La Segunda Guerra Mundial se definió en buena medida por aquellas decisiones cruciales que –como explica Ian Kershaw en un gran libro– adoptaron los principales líderes de las grandes potencias mundiales entre mayo de 1940 y diciembre de 1941: una de ellas fue la decisión de Hitler de atacar a la Unión Soviética, adoptada entre el otoño y el verano de 1940 (en Decisiones trascendentales. De Dunquerque a Pearl Harbour (1940-1941). El año que cambió la historia, Barcelona, Ediciones Península, 2008).

En la práctica, la invasión comenzó el 22 de junio de 1941, de una manera decidida y que llamó la atención en distintos lugares del mundo, no solo por el hito en sí, sino porque cambiaba radicalmente la forma como se había desarrollado la guerra hasta entonces, caracterizada por una rápida y consistente serie de victorias de Adolf Hitler, desde el ataque a Polonia (1 de septiembre de 1939) en adelante. Su marco de acción era principalmente Europa occidental y también algunos sectores de Europa central y oriental, pero en modo alguno se suponía que terminaría por entrar en guerra con la URSS. Muchos pensaban hasta entonces que el Führer era imbatible y que su camino a la victoria se había ido pavimentando de manera sólida y eficaz. A mediados de 1941 comenzaba la prueba de fuego para el líder alemán, que pasaba a enfrentarse no solo con Stalin –su antiguo aliado– sino contra la otra gran potencia totalitaria del momento: el régimen comunista de la Unión Soviética.
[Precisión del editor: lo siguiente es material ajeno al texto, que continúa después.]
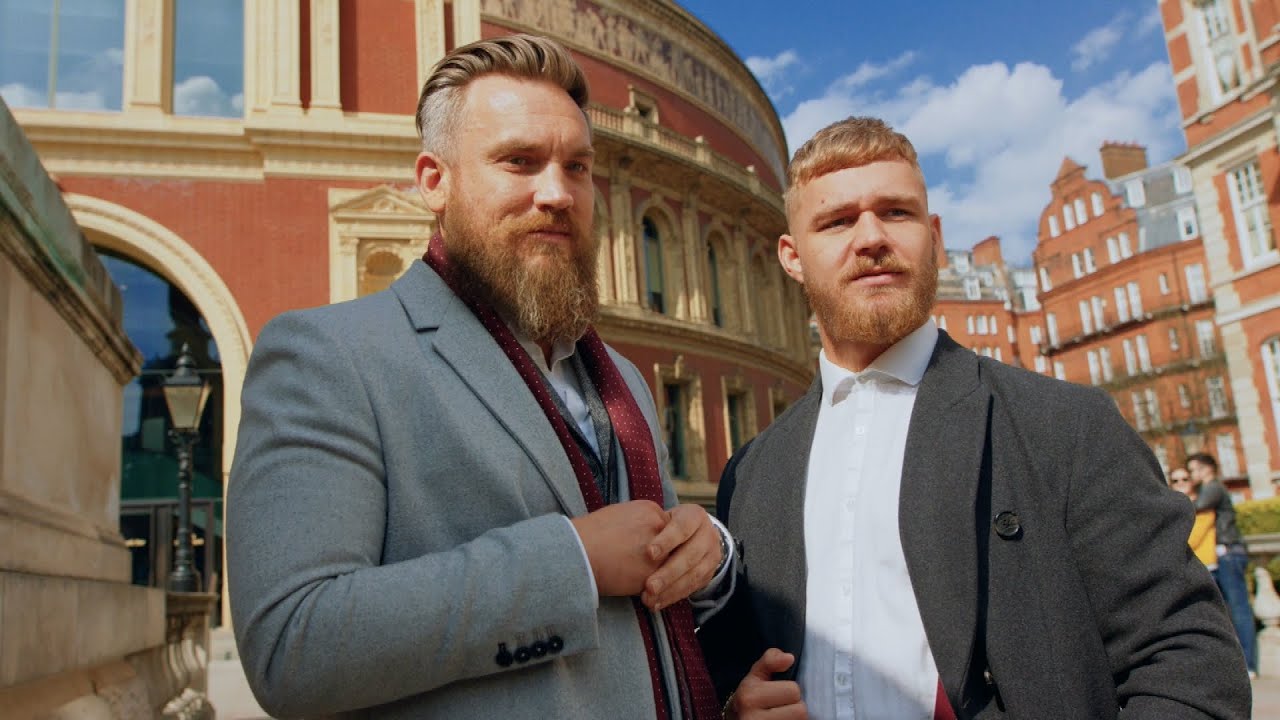 Trent Seven: Dream Booking My Career, Moustache vs Moustache At SummerSlam Would Have Been Lovely Against Tyler Bate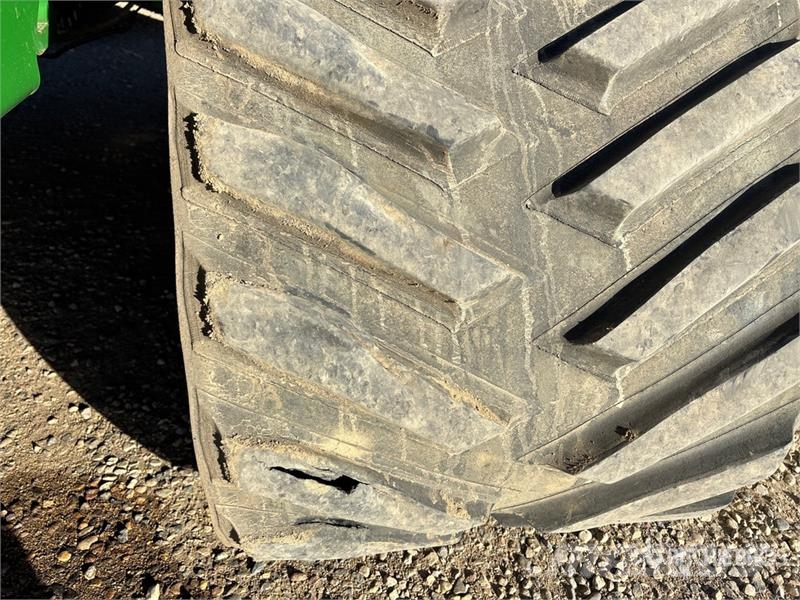 John Deere 9RX 640 Track Tractor Traktori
En agosto de 1939 Hitler y Stalin habían firmado el acuerdo nazi-comunista, conocido como Pacto Ribbentrop-Molotov, por el cual el primero invadiría Polonia y el segundo ocuparía el sector oriental del país atacado. De esta manera los dictadores darían inicio a la Segunda Guerra Mundial, mediante un acuerdo que llevó al dirigente comunista a pedir un brindis por Hitler, por saber “lo mucho que ama el pueblo alemán a su Führer” (así lo narró el diplomático alemán Andor Hencke, citado por Laurence Rees, A puerta cerrada. Historia oculta de la Segunda Guerra Mundial, Barcelona, Crítica, 2009).

Dos años después la situación había cambiado radicalmente. Para entonces Hitler avanzaba sin encontrar más resistencia que el valor y convicción de los británicos y su líder, Winston Churchill, por lo cual podía volver los ojos a su antiguo y quizá inevitable deseo: conquistar los territorios del Este, como ya había explicitado en Mi Lucha (1924), libro escrito por el fundador del Nacional Socialismo durante su periodo en la cárcel, tras el fracasado putsch de la cervecería de Munich. El tema continuaría siendo una obsesión hasta el final de la guerra, incluso en medio de la derrota y la soledad en el búnker, en abril de 1945, como manifestó en su Testamento.

La Operación Barbarroja

La decisión de atacar a la URSS fue conocida como “Operación Barbarroja”, y se manejó con gran sigilo. La iniciativa tenía que ver con la noción de “espacio vital”, abrazada por Hitler desde hacía años, que hacía volcar los ojos hacia los inmensos territorios del Este. En su momento Bismark había advertido contra una eventual invasión a Rusia, y el propio Führer reconocía las dificultades de enfrentar una guerra en dos frentes como la que pasaría a tener dentro de poco. Pero varias cosas se juntaban en la decisión: aplastar al “bolchevismo judío”, obtener petróleo y otros productos de la riquísima zona oriental y mostrar su poderío a Gran Bretaña y a quien tuviera dudas. Pese a las dificultades, había que actuar y había llegado el momento: “Hitler estaba muy seguro de sí mismo” y pocas semanas antes había asegurado que el Reich se extendería por mil años, como recuerda Antony Beevor en su monumental La Segunda Guerra Mundial (Barcelona, Pasado & Presente, 2012).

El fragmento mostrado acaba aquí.